For the selection of SoCs and software platforms, OEMs and their suppliers are likely to prioritize a combination of hardware capabilities—including computer performance, energy efficiency and scalability, and software features such as flexibility in the selection of AI model types and tooling.
Outlook
Bringing advanced AI use cases into vehicles will require a concerted effort across the entire automotive value chain.
OEMs must continue pushing toward centralized electrical and electronic (E/E) architectures that enable cross-domain functionality and over-the-air (OTA) updates to support continuous feature enhancement. Investments in middleware and hardware abstraction will be essential to promote software component reuse and accelerate development cycles. A strong, empowered E/E architecture function will be critical for the development of future-proof platforms.
Tier 1 suppliers will continue to face pressure from both directions. On one side, OEMs are intensifying their vertical-integration strategies. On the other, semiconductor players are expanding their software capabilities to move beyond chip supply and position themselves as full system providers. To stay relevant, Tier 1s must strengthen their own AI competencies and integration capabilities to maintain their role in the ecosystem.

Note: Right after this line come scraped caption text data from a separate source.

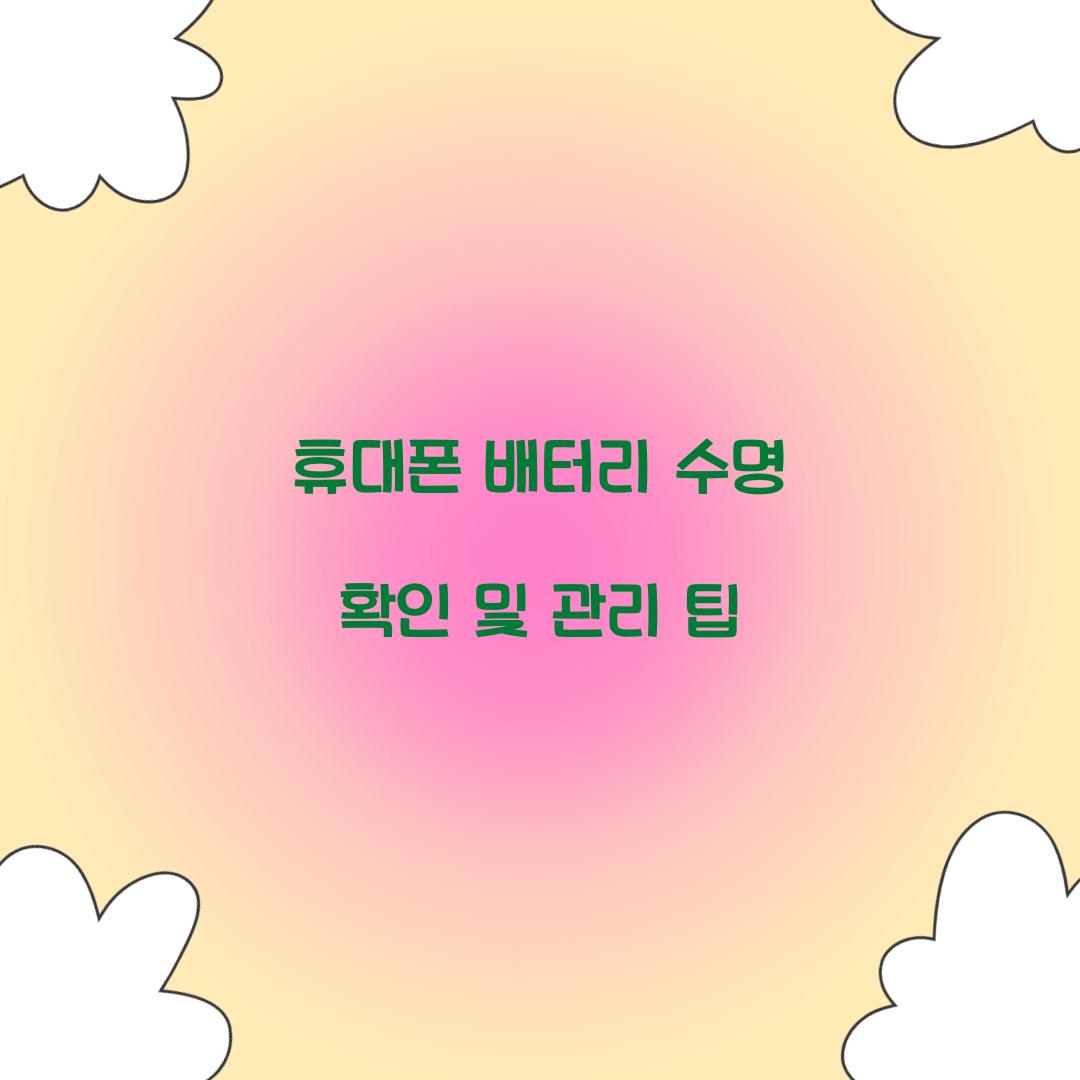휴대폰 배터리 수명 확인
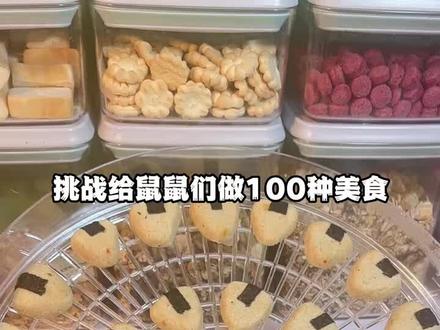 挑战仓鼠100道零食 #仓鼠#仓鼠零食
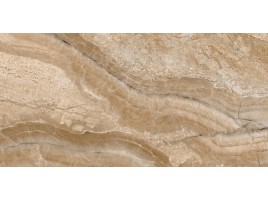 Itaca Bolonia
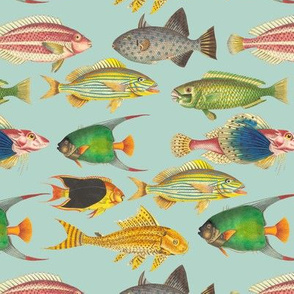 7" Vintage Colorful Ocean Fishes Sepia Mint 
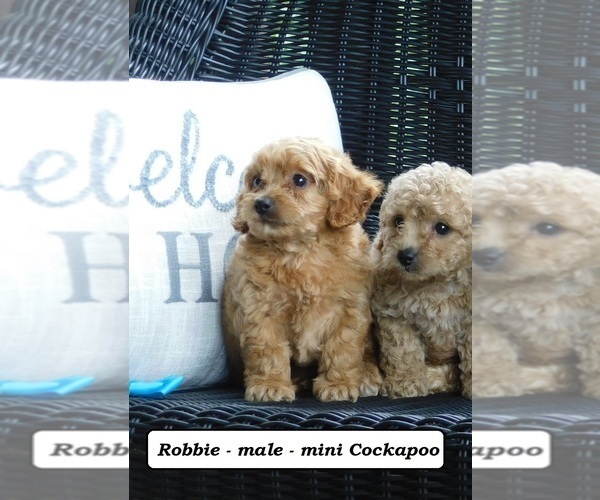 Medium Photo #2 Cock-A-Poo Puppy For Sale in CLARKRANGE, TN, USA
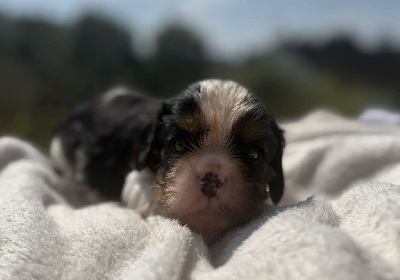 ACHILLE 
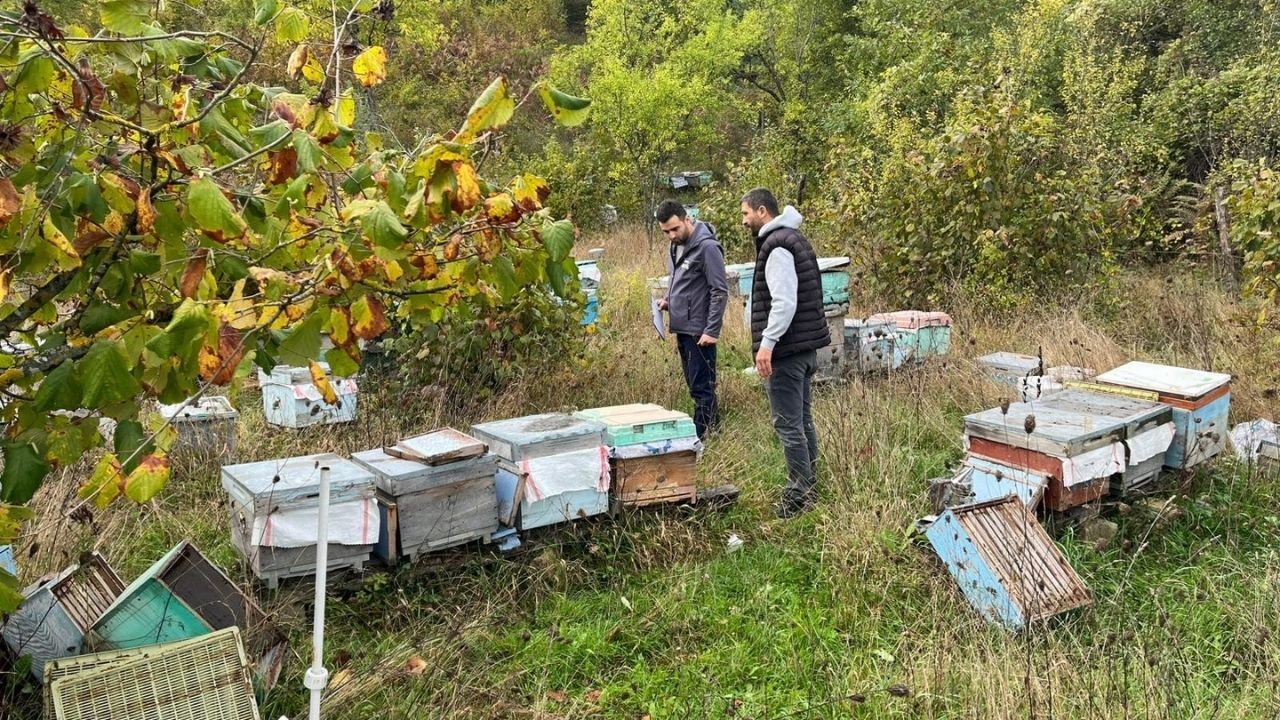 Kastamonu’da Arılı Kovanlar Tek Tek Kayda Alınıyor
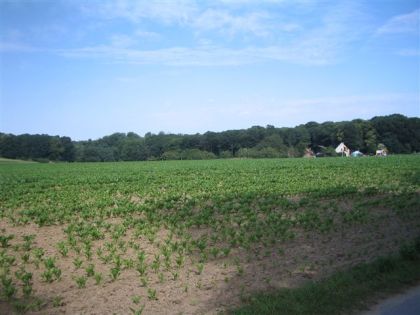 schoolfeest+ fermes 029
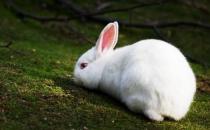 哈爾濱大白兔的形態特征有哪些？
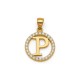 925 Sterling Silver 14k Gold Plated CZ Letter P Pendant Set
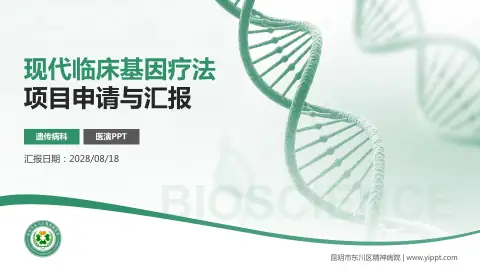 昆明市东川区精神病院项目申请与汇报PPT模板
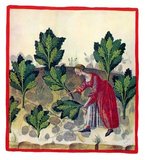 The Tacuinum (sometimes Taccuinum) Sanitatis is a medieval handbook on health and wellbeing, based on the Taqwim al‑sihha تقويم الصحة ('Maintenance of Health'), an eleventh-century Arab medical treatise by Ibn Butlan of Baghdad.<br/><br/>

Ibn Butlân was a Christian physician born in Baghdad and who died in 1068. He sets forth the six elements necessary to maintain daily health: food and drink, air and the environment, activity and rest, sleep and wakefulness, secretions and excretions of humours, changes or states of mind (happiness, anger, shame, etc). According to Ibn Butlân, illnesses are the result of changes in the balance of some of these elements, therefore he recommended a life in harmony with nature in order to maintain or recover one’s health.<br/><br/>

Ibn Butlân also teaches us to enjoy each season of the year, the consequences of each type of climate, wind and snow. He points out the importance of spiritual wellbeing and mentions, for example, the benefits of listening to music, dancing or having a pleasant conversation.<br/><br/>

For semiconductor players, the rise of AI in vehicles brings opportunities and challenges. Chipmakers are shifting from hardware suppliers to solution providers, developing purpose-specific chips for edge workloads while ensuring compatibility with cloud-based tasks for more compute-intensive workloads. To stay competitive, they are expanding software capabilities, enabling flexibility in AI models and OTA updates. We expect to see a continued rise in M&A activity as hardware-centric and semiconductor-focused players seek to expand their software and AI capabilities. Recent deals, including NXP’s acquisitions of TTTech Auto and Kinara, Renesas’ acquisition of Reality AI for edge-AI applications, and Qualcomm’s acquisition of Arriver for building competence in ADAS/AD, underscore this strategic pivot toward building more comprehensive, vertically integrated platforms. Advanced packaging technologies and close collaboration with OEMs, Tier 1s, and hyperscalers are critical to meeting safety, security, and energy-efficiency demands in connected-car ecosystems. At the same time, the competitive landscape for semiconductor players is being reshaped by a growing cohort of new entrants focused on developing chipsets tailored to specific AI workloads—particularly in the domain of NPUs. On the intellectual property (IP) front, these developments are gaining momentum, though the breadth and maturity of NPU-related IP still lag behind the well-established libraries for traditional x86, ARM, and RISC-V CPU and GPU architectures.

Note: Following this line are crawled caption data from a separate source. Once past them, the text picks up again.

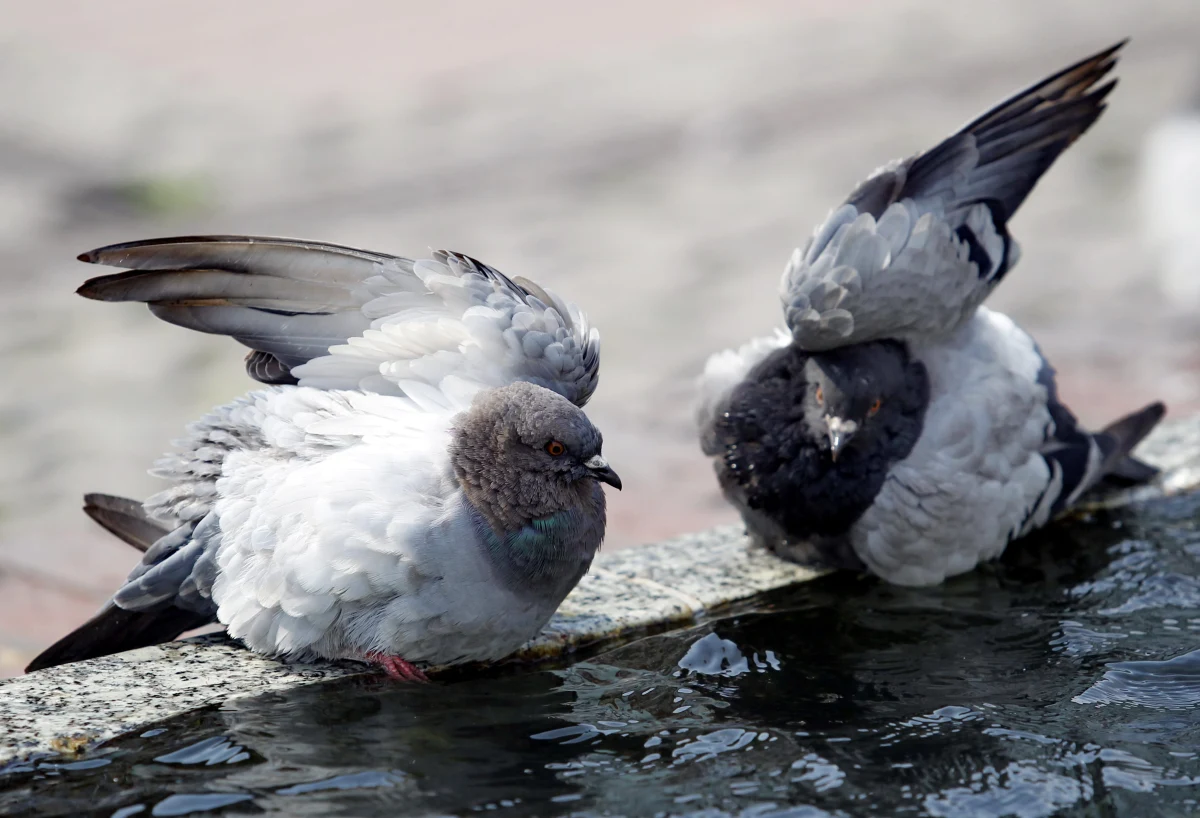 Gołębie w rejonie ul. Elsnera w Krakowie tak dały się we znaki mieszkańcom, że Zarząd Budynków Komunalnych testuje nowy system zabezpieczający obiekty przed takimi uciążliwościami. Na dachach ustawiono atrapy ptaków drapieżnych - pisze "Dziennik Polski". 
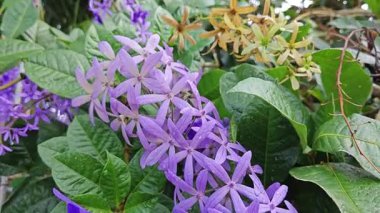 Güzel mor renkli zımpara kağıdı sarmaşık ağacı yol kenarında 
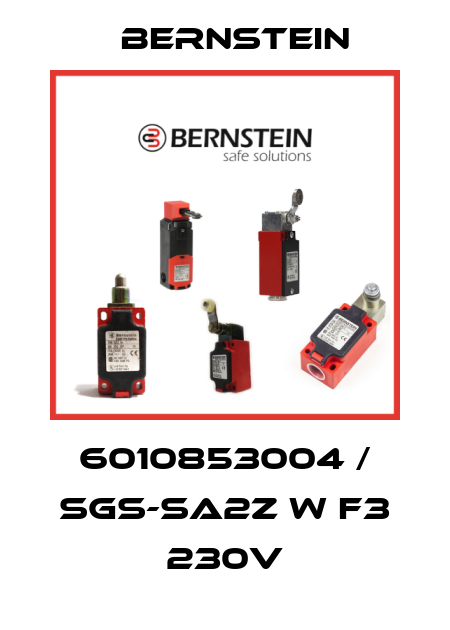 6010853004 / SGS-SA2Z W F3 230V Bernstein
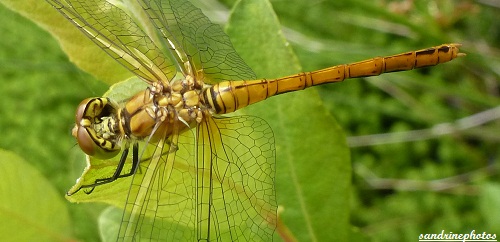 Libellule Sympetrum Sanguineum Sympétrum sanguin Bouresse Poitou-Charentes Sandrinephotos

As in recent years, technology companies, including hyperscalers, start-ups, and disruptors, are expected to gain further traction by contributing their AI expertise for both in-vehicle and off-vehicle applications.

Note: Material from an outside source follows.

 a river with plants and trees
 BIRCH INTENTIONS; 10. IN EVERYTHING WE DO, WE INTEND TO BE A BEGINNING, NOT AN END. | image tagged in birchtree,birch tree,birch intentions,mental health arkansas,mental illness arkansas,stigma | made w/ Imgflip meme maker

Ultimately, all stakeholders—OEMs, Tier 1s, and semiconductor companies alike—must engage in close codevelopment to ensure that the specific demands of automotive AI, such as safety, security, and energy efficiency, are fully addressed. Collaborative development efforts in the semiconductor space are likely to increasingly align with industry-wide standardization initiatives (such as Universal Chiplet Interconnect Express [UCIe]), as well as with research programs and working groups driven by neutral institutions like the Interuniversity Microelectronics Centre (Imec). These partnerships can help establish common frameworks and accelerate innovation across the ecosystem.